HadoopVersion PigVersion UserId StartedAt FinishedAt Features
2.6.0-cdh5.5.0 0.12.0-cdh5.5.0 root 2016-09-23 03:08:10 2016-09-23 03:12:23 UNKNOWN

Failed!

Failed Jobs:
JobId Alias Feature Message Outputs
job_local685037827_0002 logs MAP_ONLY Message: Job failed! test_index/logsdtls,

Input(s):
Failed to read data from "file:///home/cloudera/Desktop/Satish/json/second_mapping_data.json"

Output(s):
Failed to produce result in "test_index/logsdtls"

Job DAG:
job_local685037827_0002

2016-09-23 03:12:23,607 [main] INFO org.apache.pig.backend.hadoop.executionengine.mapReduceLayer.MapReduceLauncher - Failed!
grunt> 2016-09-23 03:12:28,648 [communication thread] INFO org.apache.hadoop.mapred.LocalJobRunner - map > map

The same error like before is coming .

I think it is unable to connect my elasticsearch cluster . Is it the fault of the jar or I have to make changes in my code ?

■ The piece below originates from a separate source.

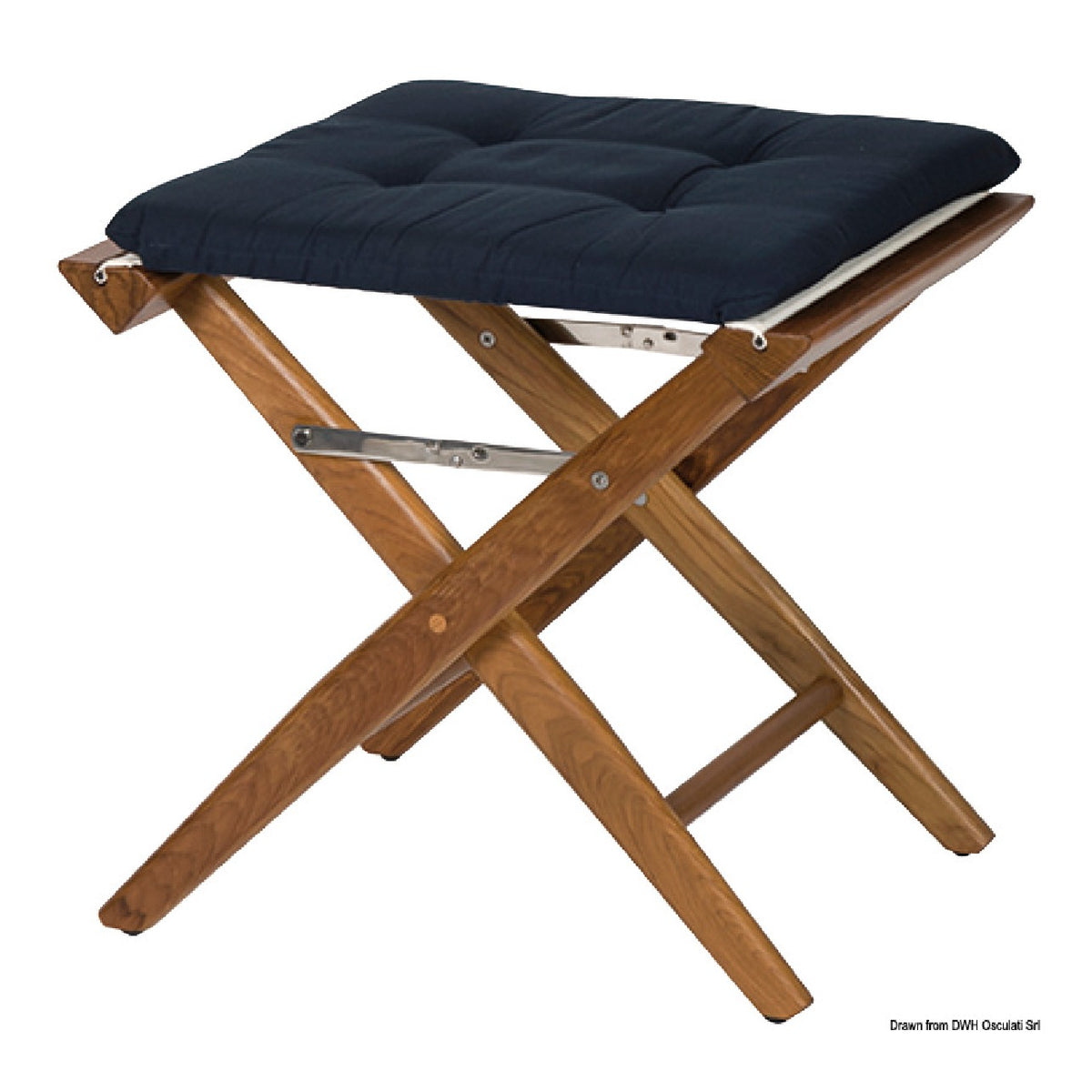 ARC-Hocker mit gepolstertem, blauem Canvas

Normally this occurs when the URL provided is not a valid URL to be used from outside AWS. Generally, if you can query the URL using curl locally, it should work correctly with ES-Hadoop if you're running hadoop/pig locally. If the URL does not return, then you will need to provide some other form of connecting to the remote service. This is usually different for every cloud provider.

I tried making index from local machine using curl command and it worked .

I'm sorry, but I'm afraid I don't have an answer for the library not connecting in this instance. As I said before, different cloud providers have different ways of interacting with Elasticsearch, and everyone's networking situation is diverse. I must also disclose that Elastic does not support the AWS Elasticsearch Service. My last bit of advice would be to increase the logging levels to TRACE and check the output for network related exceptions that may be getting swallowed and logged. Hopefully this will shed some light on the connectivity problems.

Data is going to elasticsearch service from cloudera just have to mention the es.port=80 . :slight_smile: .